Thanks inner, ill use leevalley for systainers in the future.. just checked the price came to 151 with shipping.. so im only out a dollar... But i did get a free shirt from burns :laughing:


----------



## Rich D. (Oct 14, 2011)

UPDATE:

sortainer came friday.

Got to load and label it up today...

I was short one divider 

Still probably going to need a sys 1 with the removable bins for other odds and ends.. 








































The empty compartments are things that i have to re-stock...

Thanks for everyones input im very pleased with the end result...


----------



## aptpupil (Jun 12, 2010)

how are you finding it now that you've had it longer? do the screws shift around much if the sortainer gets upside down or sideways?


----------



## Rich D. (Oct 14, 2011)

I have carried it to a few different jobs.. 

I actually havent had any issues yet..

I take extra care carrying it though and make sure it dosnt go upside down..

Having the sortainer on the job saves the day all the time by having those fasteners u need on hand


----------



## dkillianjr (Aug 28, 2006)

I figured I'd bump this old thread. 

For you guys with the sortainers. How do they do as far as stuff shifting around?

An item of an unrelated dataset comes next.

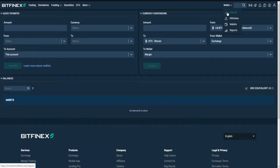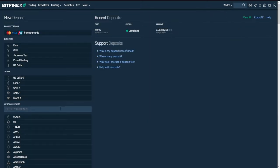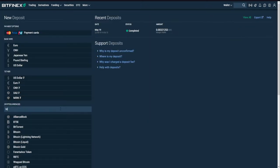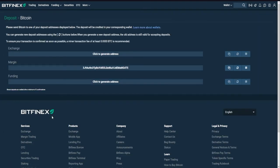Click on Wallet and then Deposit on your dashboard and choose the currency you would like to deposit. Once you've decided which cryptocurrency you're transferring, you will receive a wallet address. You will receive the currency to your exchange wallet.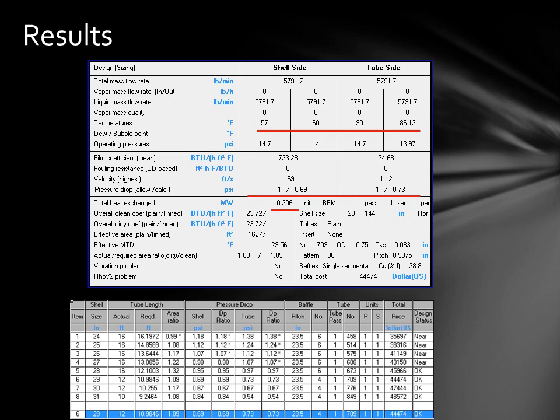These are the results we focused on. As you can see, the temperature fluctuation for the water is not more than the given 3 degrees, while we had nearly a 4 degree temperature drop on the hot side. The pressure drop is also minimized at less than 1 pound per square inch on each side. The total heat exchanged was 0.306 megawatts, which results in an efficiency of about 31%.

Are you able to tip them on their side? Or if they get flipped over is everything all mixed up?


Dave


----------



## Inner10 (Mar 12, 2009)

dkillianjr said:


> I figured I'd bump this old thread.
> 
> For you guys with the sortainers. How do they do as far as stuff shifting around?
> 
> ...


Good as long as you don't have finishing nails or try to over fill the drawers.


----------



## dkillianjr (Aug 28, 2006)

Inner10 said:


> Good as long as you don't have finishing nails or try to over fill the drawers.


Thanks Inner, 

I was looking a them to organize the screws I carry in the truck. So screws should be good I'm thinkin. 

Dave


----------



## The Coastal Craftsman (Jun 29, 2009)

dkillianjr said:


> Thanks Inner, I was looking a them to organize the screws I carry in the truck. So screws should be good I'm thinkin. Dave


I would use a sys box for screws.


----------



## Inner10 (Mar 12, 2009)

dkillianjr said:


> Thanks Inner,
> 
> I was looking a them to organize the screws I carry in the truck. So screws should be good I'm thinkin.
> 
> Dave


That's what I use but not for production work, only small jobs and service. I'll post a pic later.


----------



## dkillianjr (Aug 28, 2006)

BCConstruction said:


> I would use a sys box for screws.


Smart minds think alike bc :laughing: Yesterday I ordered a couple of the sys 1's with the boxes. I got one for my most common exterior screws and one for drywall/interior screws. And actually also one for my drill accessories. 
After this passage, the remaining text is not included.